A região Norte é responsável por mais da metade dos casos da doença no Brasil; o Acre conta com mais de 11 mil casos notificados na última década. Em 2025, os municípios acreanos de Xapuri, Marechal Thaumaturgo, Assis Brasil, Sena Madureira e Brasileia foram classificados pelo Ministério da Saúde como áreas de risco intenso para transmissão da doença.
“A região amazônica é uma área endêmica para a leishmaniose cutânea, uma doença negligenciada que afeta principalmente populações de comunidades tradicionais”, contou o pesquisador Reginaldo Peçanha Brazil, do IOC. “Conhecer as limitações no conhecimento tanto dos pacientes como de profissionais da saúde de áreas endêmicas é fundamental para o sistema de saúde do Estado do Acre e para o controle mais efetivo da doença.”
A investigação integra um projeto de pesquisa coordenado por Brazil. Além da Ufac, são parceiros na pesquisa a Universidade Federal de Minas Gerais, a Universidade de Brasília, o Instituto Chico Mendes de Conservação da Biodiversidade e a Secretaria de Estado de Saúde do Acre.
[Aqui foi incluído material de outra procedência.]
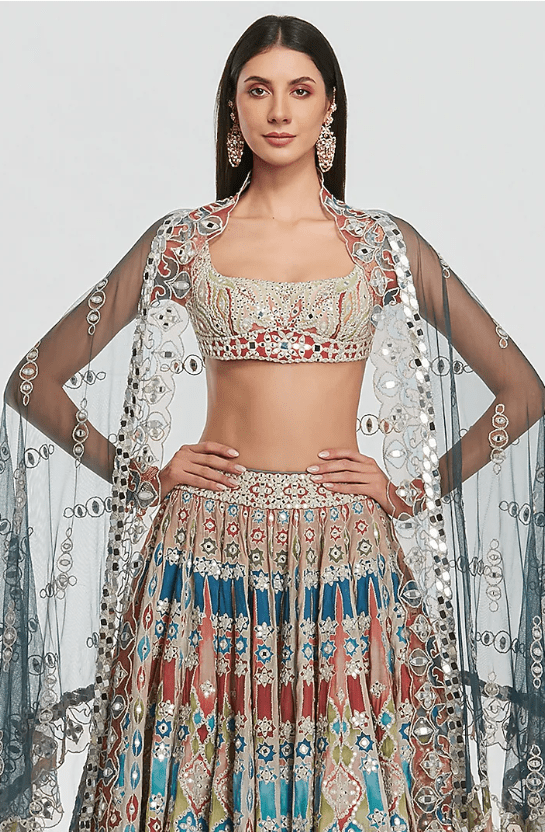 Multi-Colored Chanderi Mirror Work Lehenga Set - Image 3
Pela Ufac, são coautores do artigo os pesquisadores Andréia Luísa Peixinho da Silva Guimarães, Francisca Alana Costa de Souza, Marcos Bruno Zacarias Campelo, Breno Kalyl Freitas Nascimento, Andreia Fernandes Brilhante e Francisco Glauco de Araújo Santos. Os estudos contam com financiamento do Conselho Nacional de Desenvolvimento Científico e Tecnológico (CNPq) e apoio de instituições parceiras.